Seville was looked upon at that time as a place of opportunity where people flocked and crowded. Here also occurred a charming interlude in the tempestuous career of Magellan. He fell in love with Beatriz de Barbosa, daughter of an influential family in the city.
Magellan and Beatriz were married within the year in the cathedral of Triana, a town just across the Guadalquivir River from Seville. In our day, Triana also remains the name of the barangay in Limasawa Island fronting the harbor where Magellan’s ships anchored on the other side of the world.

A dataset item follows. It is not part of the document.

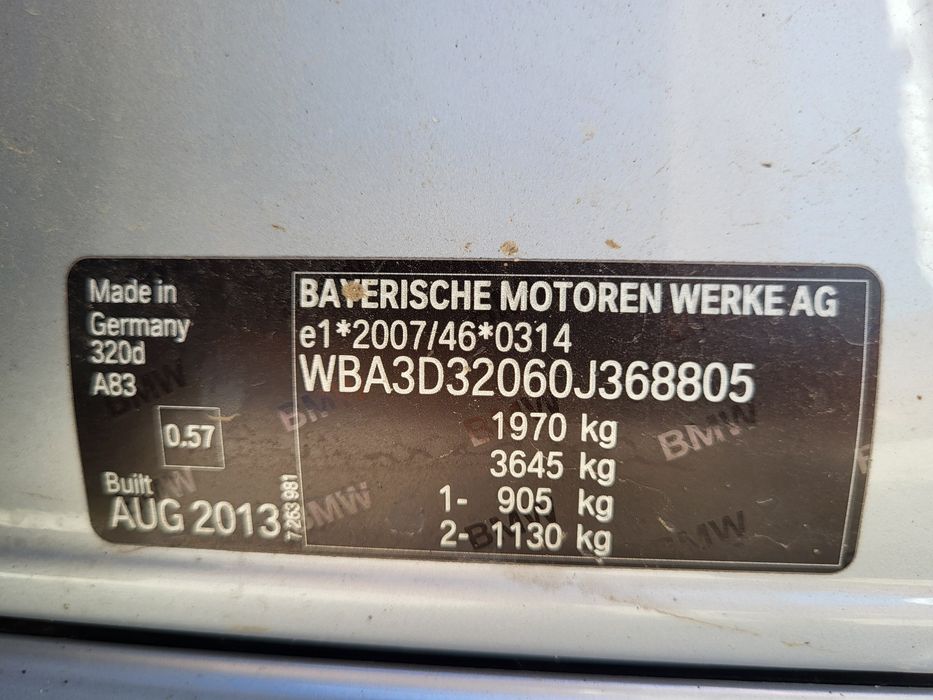 Bara spate m pachet bmw f30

Approved proposal As son-in-law of one of the leading men of Seville, Magellan used his social position to promote his proposal to make a voyage direct to the Spice Islands to potential financiers.
Magellan was known to have brought along with him a well-painted globe in which the whole world was outlined, and on which he indicated the route he proposed to take. But the location of the strait around the American continent was left blank. Not only was this strait’s presence speculative at the time; he also did not want anybody else to beat him to it.
Anyway, Magellan had another option. If he did not find any strait leading to the other ocean, he would take the route followed by the Portuguese (around the horn of Africa).
After being rebuffed by several other parties, Magellan found a way to have his expedition financed by Spanish King Carlos I, also known to history as Emperor Charles V of Europe.
A document that Magellan used to convince the king was a “Membranza,” a short manuscript he wrote in 1519. In it, he claimed that the Moluccas or Spice Islands were located at 182.5 degrees longitude. The location is just outside the demarcation line of the Portuguese half of the world as determined by the 1494 Treaty of Tordesillas.
Sailing to history After more than a year of preparation, Spanish Court intrigues, and Portuguese threats and harassments, the Magellan expedition left Seville on September 20, 1519.
Sailing on a Spanish deck and equipped with the best Portuguese nautical information available on Far East navigation, Magellan pledged to do his utmost to reach the Spice Islands by a western route, to establish Spain’s claim to the islands, and to return with a cargo of spices. He led a voyage of discovery comprising of a fleet of five ships with 241 officers and men and calculated to last two years.
Among the men under Magellan was the Italian Antonio Pigafetta, the chronicler who recorded the voyage for posterity, and the Andalusian Andres de San Martin, reportedly the best astronomer of his time who could make accurate readings of longitude on land. Pigafetta survived and wrote the report of the expedition; San Martin was killed along with several companions during a massacre in Cebu a few days after Magellan’s death.
The fleet sailed across the Atlantic Ocean and the ships followed the South American coast. Here they tried to find the theorized strait, the passage to the other ocean, which Magellan would later call the Pacific Ocean. This passage that they found is now known as Magellan Strait, near the tip of South America.
The members of the Magellan expedition were the first Europeans ever to sail across the Pacific, which was larger than anyone had imagined. They sailed for 98 days without seeing any land, ran out of food, and used almost all their water. They even ate rats and sawdust to avoid starvation until they reached the Ladrones Islands (Guam) on March 6, 1521.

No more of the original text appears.